Perhaps I want to spare them the feelings of knowing you were part of the abuse circle.
That my inability to step away, to listen to my body ended up contributing to the climate that abuse thrives in.
So the bottom line is what is my responsibility now?
Whose life do I have influence over and what do I actually control?
What is odd too, is that I am in angst and tied up in knots - when I believe I can control others and can't.
If I just go by how my body feels and what brings my mind to rest - is being with my business and my life.
To do my own life.
To be in my own life.
To look around and see what is and what is not my responsibility.
What I know for sure living outside of co-dependency is much simpler and feels like a peace calm sea.
And, when I am trying to sway another, I feel like I am in a riptide.
My Co-dependent mind had me believing it was my responsibility to wrestle control away from my children. Again.
When my focus, attention, feelings and emotions come back into my world - I am present and with my body in my life - there I have peace.

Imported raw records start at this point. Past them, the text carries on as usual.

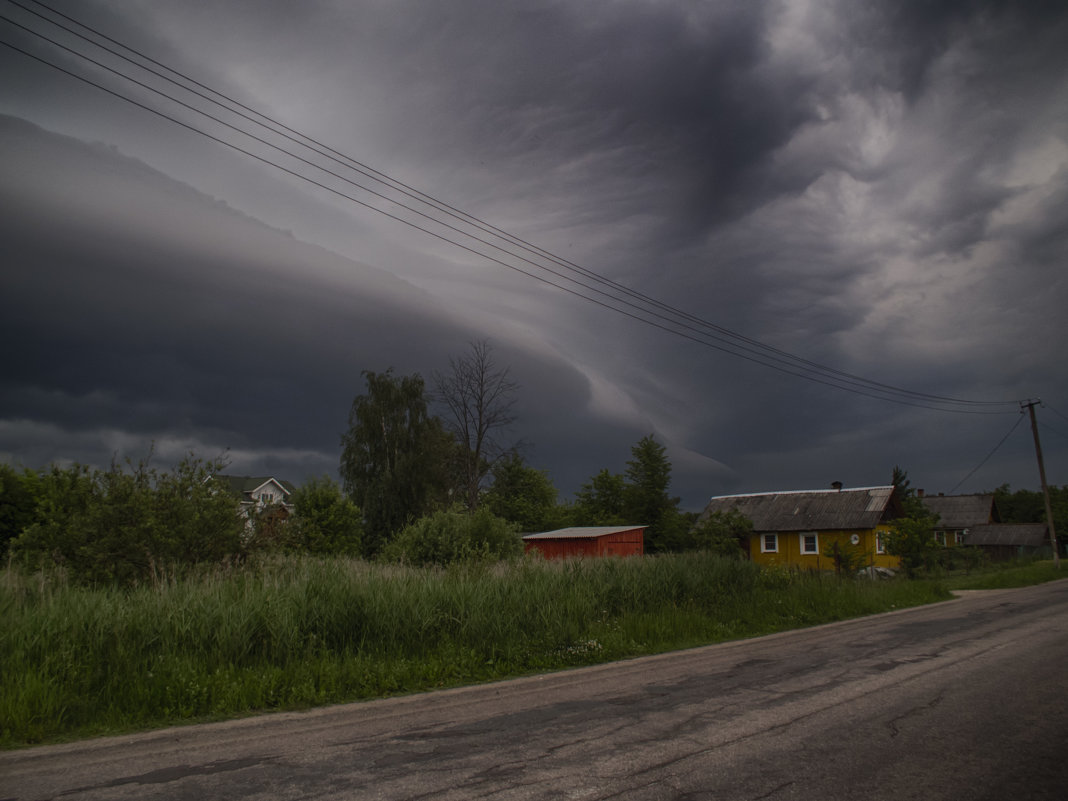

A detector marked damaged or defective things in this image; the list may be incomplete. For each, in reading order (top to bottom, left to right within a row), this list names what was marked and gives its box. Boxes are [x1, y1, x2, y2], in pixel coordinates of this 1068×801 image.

cracked asphalt road [2, 580, 1068, 796] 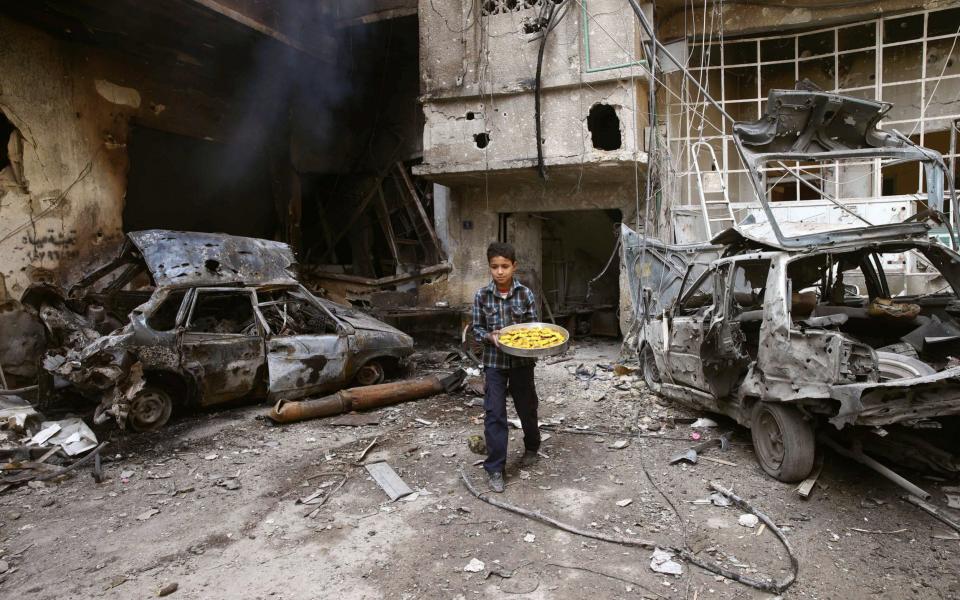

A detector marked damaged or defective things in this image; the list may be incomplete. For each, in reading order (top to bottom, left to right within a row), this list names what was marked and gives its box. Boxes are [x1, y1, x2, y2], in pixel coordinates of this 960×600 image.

broken window [584, 103, 624, 150]
broken window [147, 288, 188, 330]
broken window [186, 290, 255, 336]
destroyed suv [29, 230, 412, 432]
destroyed vehicle [31, 230, 414, 432]
burned car [31, 230, 414, 432]
broken window [256, 288, 340, 336]
destroyed vehicle [628, 89, 960, 482]
burned car [628, 89, 960, 482]
destroyed suv [628, 89, 960, 482] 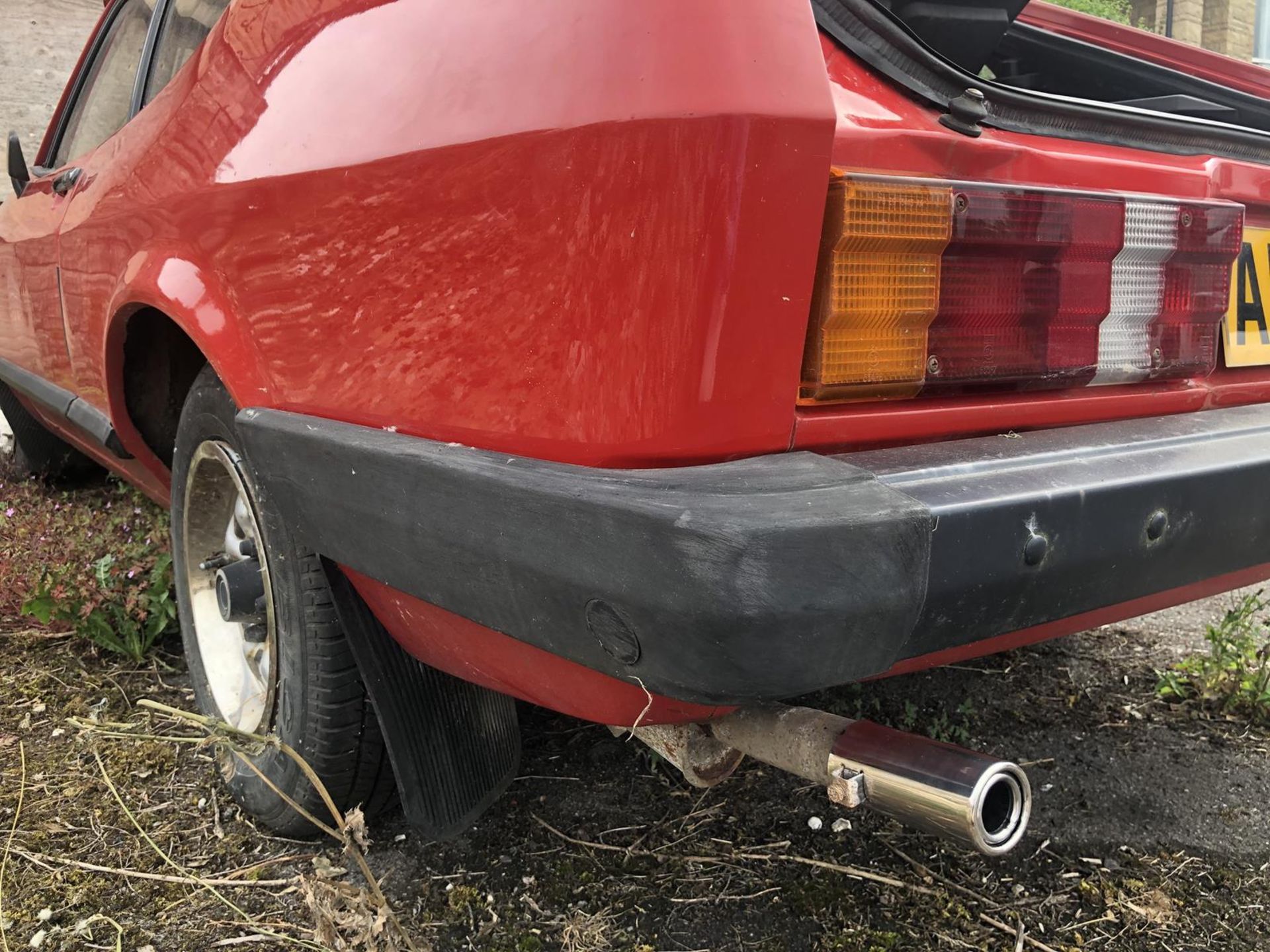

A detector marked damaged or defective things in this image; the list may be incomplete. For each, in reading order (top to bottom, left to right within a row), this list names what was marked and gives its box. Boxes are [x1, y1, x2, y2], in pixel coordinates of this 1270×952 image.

rusted exhaust pipe [709, 709, 1027, 857] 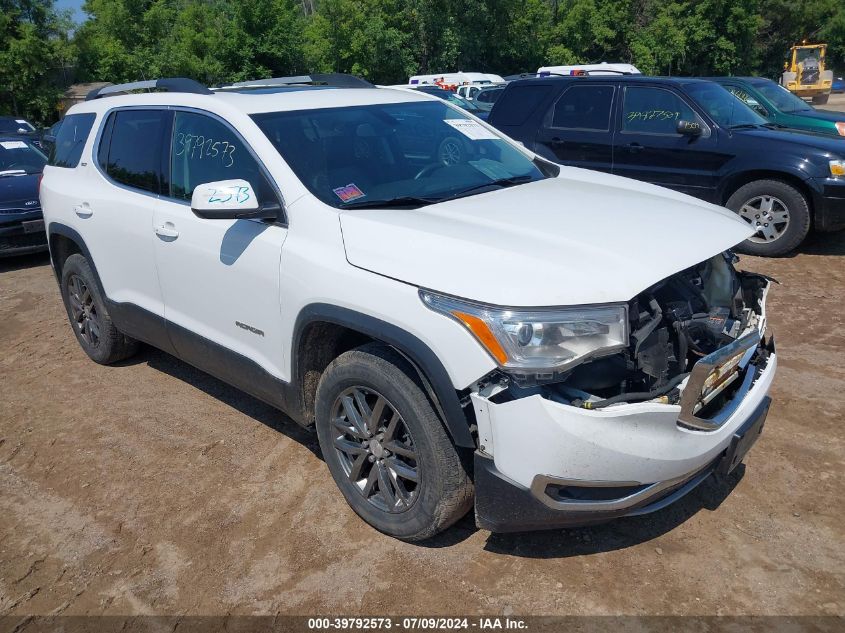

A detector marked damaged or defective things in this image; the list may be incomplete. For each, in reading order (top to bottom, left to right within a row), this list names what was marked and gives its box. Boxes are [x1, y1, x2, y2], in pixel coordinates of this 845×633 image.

missing headlight assembly [464, 252, 776, 420]
damaged front bumper [472, 336, 776, 532]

It doesn't take long to slide back into the role I was given as a child - to be responsible for things I didn't control.
Being responsible is perhaps my biggest weakness - or more being Care Less a strange place to live.
I wasn't allowed to care less - I was put in charge of caring more - of caring for those who could care less.

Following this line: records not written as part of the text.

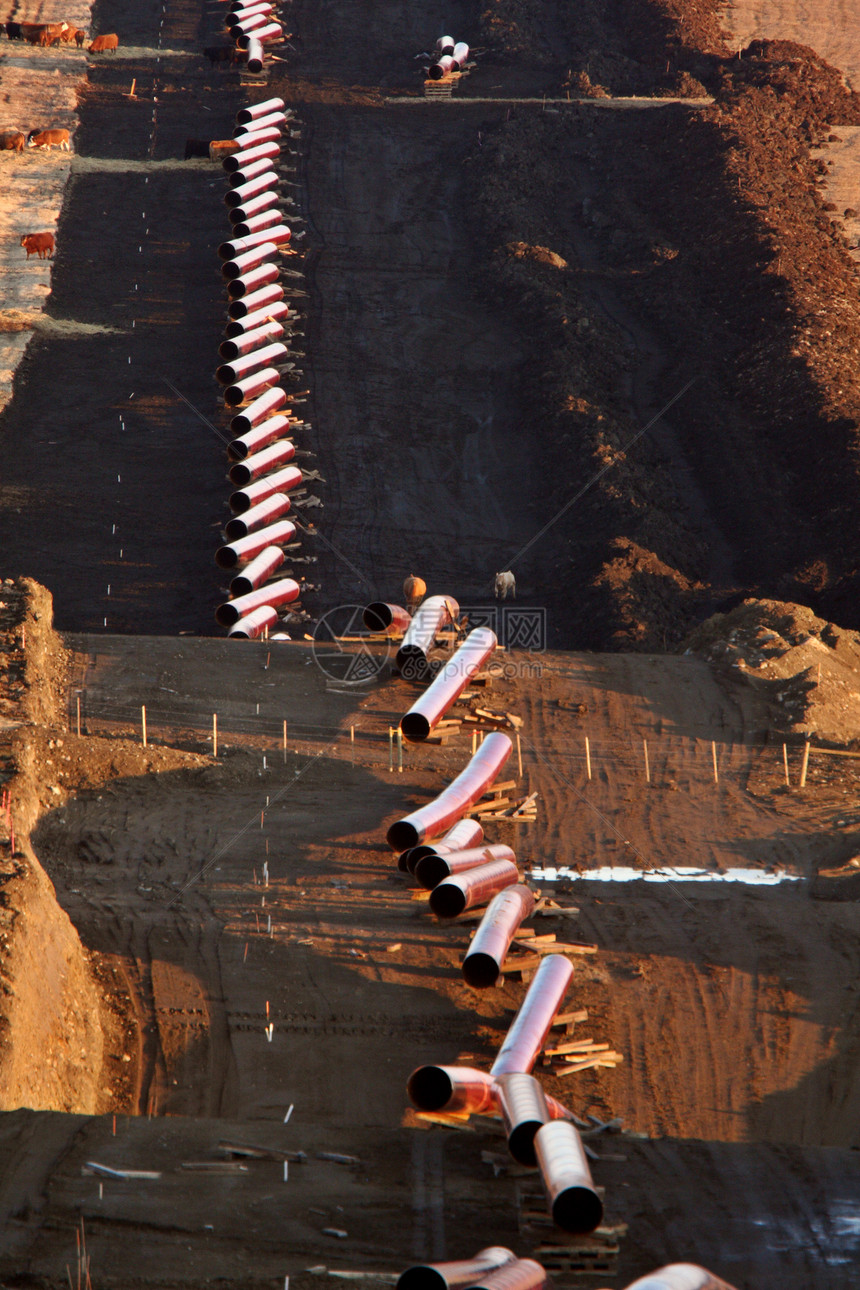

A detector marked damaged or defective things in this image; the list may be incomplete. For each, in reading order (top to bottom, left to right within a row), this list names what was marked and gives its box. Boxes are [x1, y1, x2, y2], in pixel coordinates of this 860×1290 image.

rusty pipe end [402, 712, 430, 743]
rusty pipe end [386, 820, 420, 851]
rusty pipe end [412, 851, 448, 892]
rusty pipe end [428, 882, 466, 923]
rusty pipe end [464, 954, 505, 990] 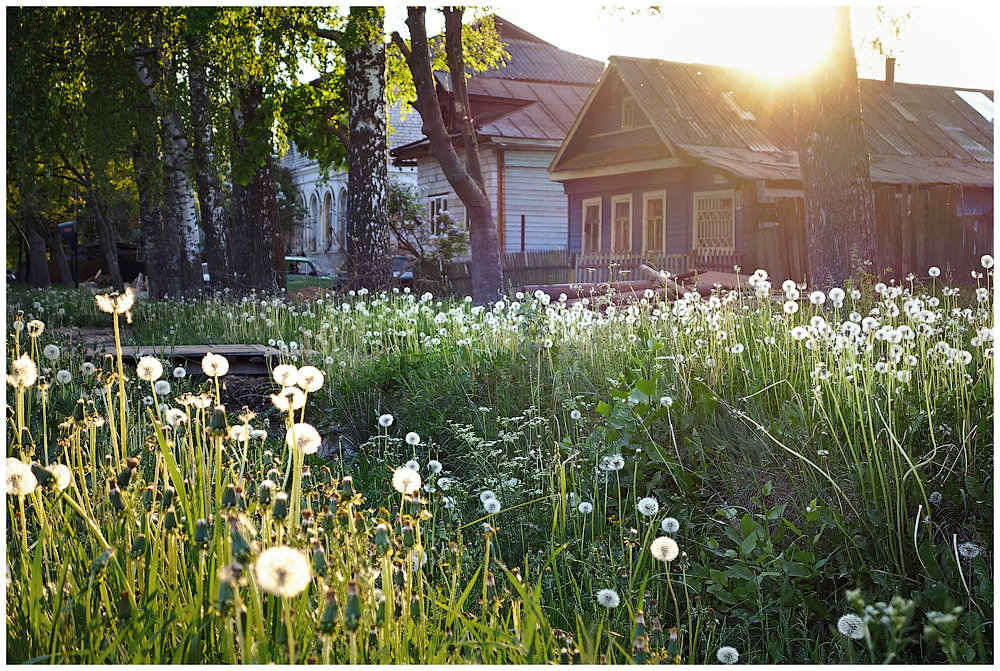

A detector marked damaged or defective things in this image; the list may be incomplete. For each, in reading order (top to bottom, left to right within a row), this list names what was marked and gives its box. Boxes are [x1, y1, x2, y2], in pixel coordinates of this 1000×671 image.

rusty roof [572, 54, 992, 185] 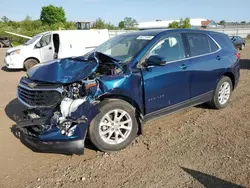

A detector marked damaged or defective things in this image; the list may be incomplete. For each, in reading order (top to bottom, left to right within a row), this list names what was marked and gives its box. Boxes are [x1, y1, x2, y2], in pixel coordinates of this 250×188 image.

crumpled hood [27, 56, 97, 83]
damaged blue suv [16, 28, 240, 153] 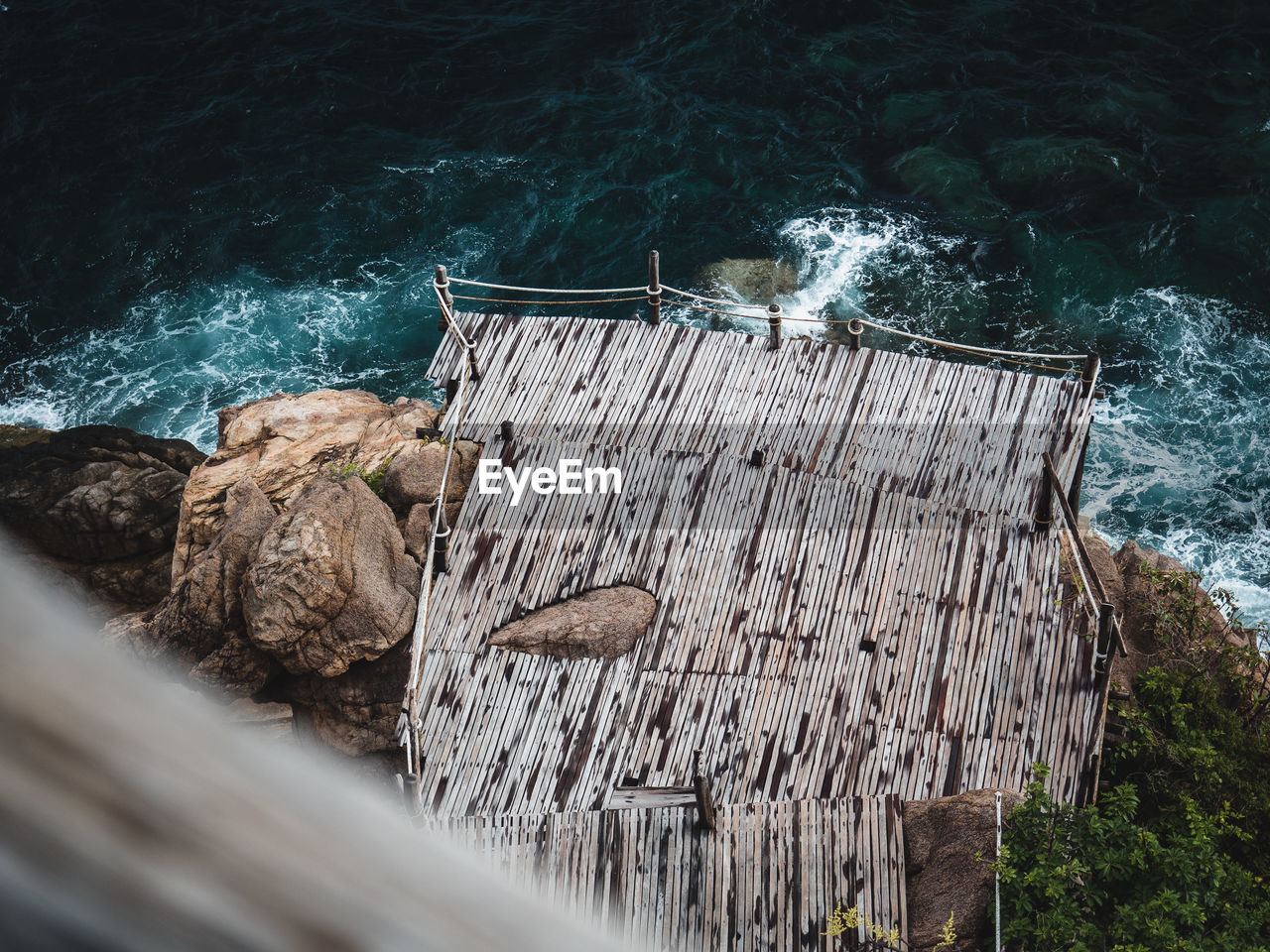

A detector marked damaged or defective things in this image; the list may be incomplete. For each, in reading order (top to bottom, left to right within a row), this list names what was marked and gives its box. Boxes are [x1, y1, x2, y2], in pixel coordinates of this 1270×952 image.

rusty metal post [437, 262, 456, 332]
rusty metal post [645, 250, 665, 327]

Caring when others were careless.
The zone of caring less - leaves the space open for all kinds of monsters to invade, and they do.
Another part of being abused is feeling like you were somehow responsible. The abuser and the supporters seem to go free - and the victims are made to be responsible. Didn't you know, couldn't you tell, who didn't you protect???
At one point or another - most of my siblings blamed me for not telling - for not warning - and perhaps this is why I can't let it go. I took on too much responsibility - even by feeling guilty - that I didn't spare anyone from my father. Being I was one of the earlier victims.
This blog was a place where I could warn others, to speak up and to share and to not be one of who knew and did nothing. Who kept silent etc.
Maybe my only responsibility is to keep speaking out.
But if feels like I am talking into an empty tank, that all I ever hear back is the echoes of my own words.